Então, o trabalho rural tem essa cultura, e o trabalho doméstico tem essa cultura do falso empoderamento da classe média.
E precisou vir 2013 para a Constituição ser alterada, e precisou vir a Lei Complementar 150, que não está derrogada coisa nenhuma, é lei complementar. Isso que falaram para o senhor não...
O problema, Senador, é que eu falo tantas vezes nos canais em que vou que juridicamente isso é inconstitucional e não tem adiantado. Então falaram para o senhor: "Quer dizer que a lei da doméstica não está mais vigente?" Está vigente, sim. É uma lei específica, complementar, que tem até uma hierarquia superior, mas o ambiente político nosso é tão louco que daqui a pouco vai vir uma lei dizendo que lei complementar não é mais nada.
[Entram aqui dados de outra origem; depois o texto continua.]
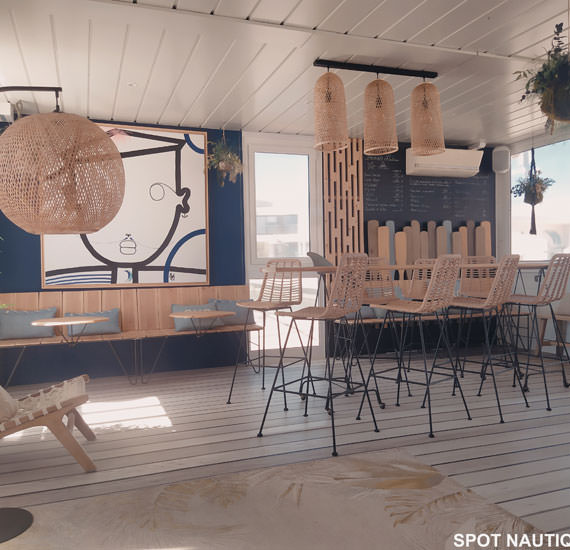 YACHT CLUB DE PORT CAMARGUE - CENTRE DE CONGRES ET SEMINAIRES LE GRAU-DU-ROI, Gard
Eu acredito em tudo, não duvido, mas juridicamente não pode.
E o que aconteceu com as domésticas? Quando veio essa Lei Complementar 150, eu ouvi de colegas do Ministério Público: "Quer dizer que eu não vou poder mais levar minha babá para a Disney comigo?" Olha a preocupação do cidadão: não poder levar a empregada doméstica para a Disney, porque agora ela tem jornada. Gente, jornada é saúde, é vida.
O Estatuto Rural, inclusive, está dizendo que jornada exaustiva é possível. Claro que ela está assemelhada à escravidão. O que é o trabalho escravo por jornadas exaustivas? Jornada exaustiva não é trabalhar oito horas. É já ser exaustivo trabalhar 5 horas numa carvoaria, porque você está ali aspirando aquele gás tóxico, que é muito mais... Então já pode ser escravo. Aí agora o Estatuto diz que são 12 horas.
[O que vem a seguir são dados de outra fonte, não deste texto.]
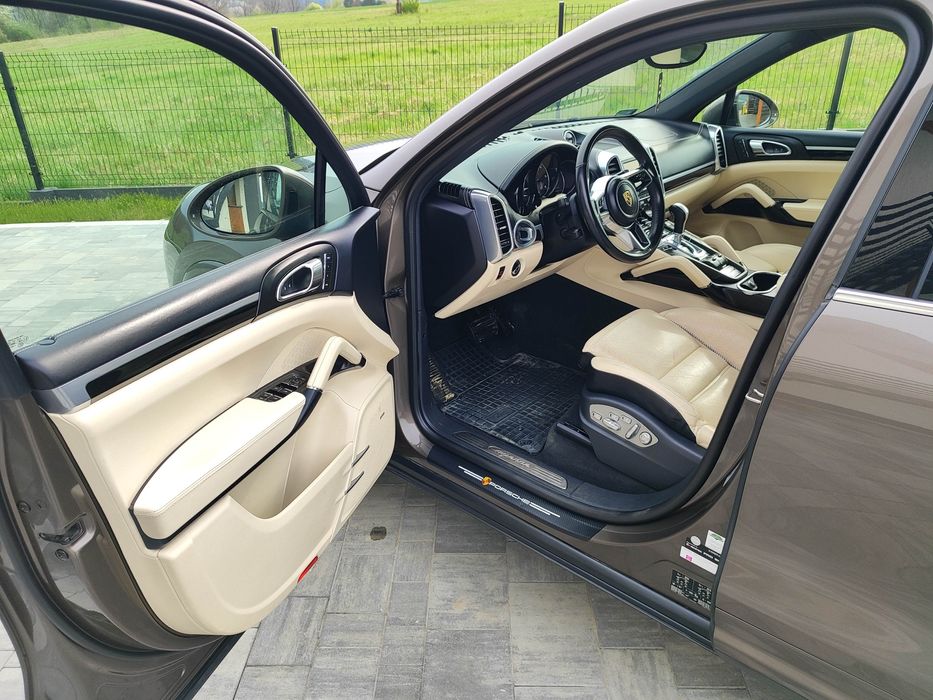 Porsche Cayenne 3.0tdi (wymieniony rozrząd) stan idealny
E as empregadas domésticas? Você sabe a jornada delas? Não sabia até a Lei Complementar 150. A empregada tinha que acordar às 6 da manhã para fazer o café, dormir não sei que horas para fazer o jantar, e ainda tem gente que diz que está ajudando, porque tirou do interior e está fornecendo vida melhor. Eu não tenho dúvida de que não está ajudando, mas você está ajudando deixando de matar, você não está dando vida boa. Você está dizendo: ou eu mato essa pessoa ou dou um prato de comida. Todo mundo quer viver e vai viver por um prato de comida.
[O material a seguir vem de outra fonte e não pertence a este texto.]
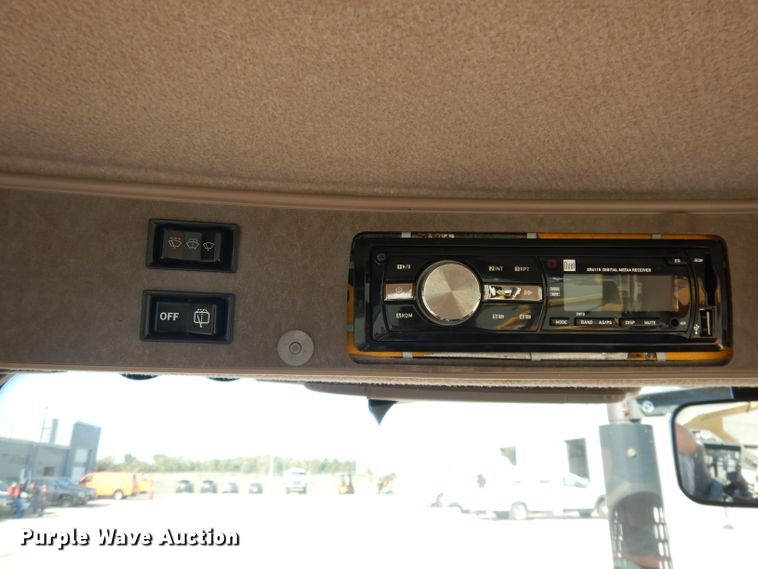 image for item DK3067 2010 Kubota M100X  MFWD tractor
O que eu acho hoje da empregada doméstica é que ela está melhor do que o trabalhador celetista. Porque a Lei Complementar 150 é boa, ela finalmente igualou. Qual é o problema do trabalho doméstico que a gente enfrenta muito hoje? É que o trabalho doméstico é exercitado na inviolabilidade do lar. E no lar inviolável ninguém pode entrar. Então, como a gente vai fiscalizar o trabalho doméstico? Elas não denunciam, e hoje em dia vão denunciar muito menos. Quando a gente tenta qualquer tipo de fiscalização indireta nos condomínios, etc., a gente tem uma rechaça imediata, porque a classe média brasileira é complicada, inclusive nós fazemos parte dela. Então, imaginem como é hipócrita dizer que está ajudando a pessoa, mas também não venha fiscalizar na minha casa, porque na minha casa você não vai entrar.
Então, acho que o grande entrave... O Lucas já deu sugestão de como a gente pode avançar em relação à seara rural. Em relação à seara rural, acho que a Constituição e a NR 31 são maravilhosas. É o caso de a gente lutar para não perder. Sério mesmo. Acho que a gente tem legislação boa que a gente está perto de perder. A gente não perdendo a Constituição e a NR 31, eu acho que a gente está bem. Então vamos para a efetivação, para as fiscalizações, para os projetos por setor. A cana-de-açúcar melhorou muito. O gesso em Pernambuco está melhorando muito. Então são setores para que eu acho já há legislação. Agora, para o setor doméstico, a gente precisaria pensar nesse estatuto, em como a gente vai quebrar essa inviolabilidade do lar. Até que ponto o lar é inviolável?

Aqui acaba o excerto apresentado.